Offload history/stats to a secondary database

Hi.
I’ve seen people report issues with the standard home-assistant_v2.db getting too large which caused problems with performance and in some cases reliability.

The only solution I’ve seen so far is to use recorder to limit the number of days and/or remove some of the sensor tracking data in order to keep the database
size managed which also keeps backups a reasonable size.

I was thinking that, rather than removing sensors and limiting history, that this could instead be improved by setting it so that anything Day-1 (or -2) and older gets offloaded in an overnight job to a secondary database for longer term archiving.

This way we get the best of both worlds.
A lean performant system as well as archival stats which we could call upon if required.

If you’re using HA supervised you could use the InfluxDB addon to record all sensor info and exclude it from the main database.

You don’t have to use the default SQLite database, recorder also supports MariaDB, MySQL and PostgreSQL.

Also the performance of the database has been improved considerably lately.

I have often thought an RRD database would be the way to keep history. There is an addon or custom component for them. RRDtool - Wikipedia

Thanks all for the replies
@Pippyn + @robertklep This suggestion would ideally be part of core so it works across all releases and allows for long term data.

I don’t know the % split between people using core and those with Supervisor versions, but the suggestion was that the core release would manage it as standard so it’s available to all.

For example I didn’t know about some historical issues as well as recent improvements (as well as what recorder did) until after I’d spotted my backups getting much larger… and then subsequently researched the subject.
I only spotted the size increase due to constant tweaking as I slowly expand my setup and then, once I did identify the cause, I had to manually intervene to resolve by cutting down what I record and for how long.

@tom_l Yes, I found as apart of my research the info on the big improvements that came in recent releases that made the DB far more responsive as well as shrinking its overall size.
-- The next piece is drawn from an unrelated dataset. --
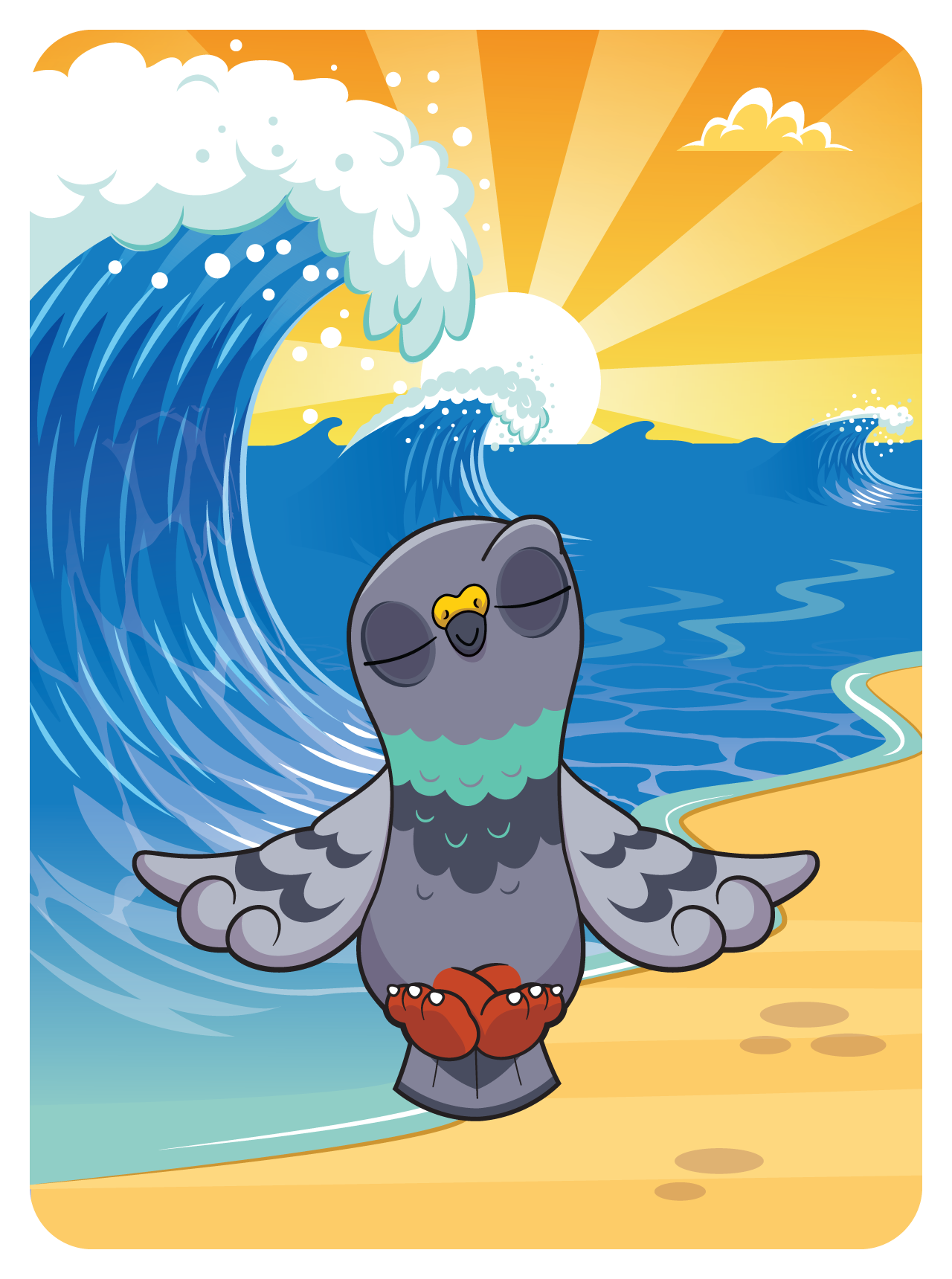 Gary Vaynerchuk - VeeFriends Series 2 - Perspective Pigeon #16724 - NFT # 16724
I was thinking more of long term data storage where someone may also wish/need to monitor historical data over months/years.
I don’t know if the current setup would stand up to that, but it would make for biiig nightly backups :slight_smile:

The idea being to have the big historical database available to back up separately so it could be done on a separate schedule compared to the real-time database. Weekly or monthly or manually.

I’m still new to HA, but I’ve seen that there’s been a lot of recent improvements to make it more user friendly and robust which hopefully gives HA a wider appeal.
This suggestion is made in the same vein.

There is a pretty good discussion about this issue here.

Ah - thanks. I missed that when searching if it’d been requested before.
Makes for a good read too.

Voted +1 there

Just to clear…

using an external database (MariaDB or InfluxDB) isn’t in any way limited to be used only by a Supervised/OS install. Both of those can be used by any installation method.

You just have to set up your config to use them just as you would when running a Supervised version of HA as well.

I use both of those (but with very limited use of Influx simply because I haven’t taken the time to learn it) and I run a HA Container install.

It would be great if this was the standard method of data storage without having to intervene in any way.
As it was put in the other post

I get why the default location for the DB is on the host machine and inside HA itself. The “Target Audience™” has become less tech savvy and most of those users could care less about the DB and don’t necessarily have another location available for the data.

But I don’t get why the long term data isn’t provided the ability to be handled like the short term recorder db config.

At this point (as far as I know) you have zero control over what, where or for how long the long term data is stored.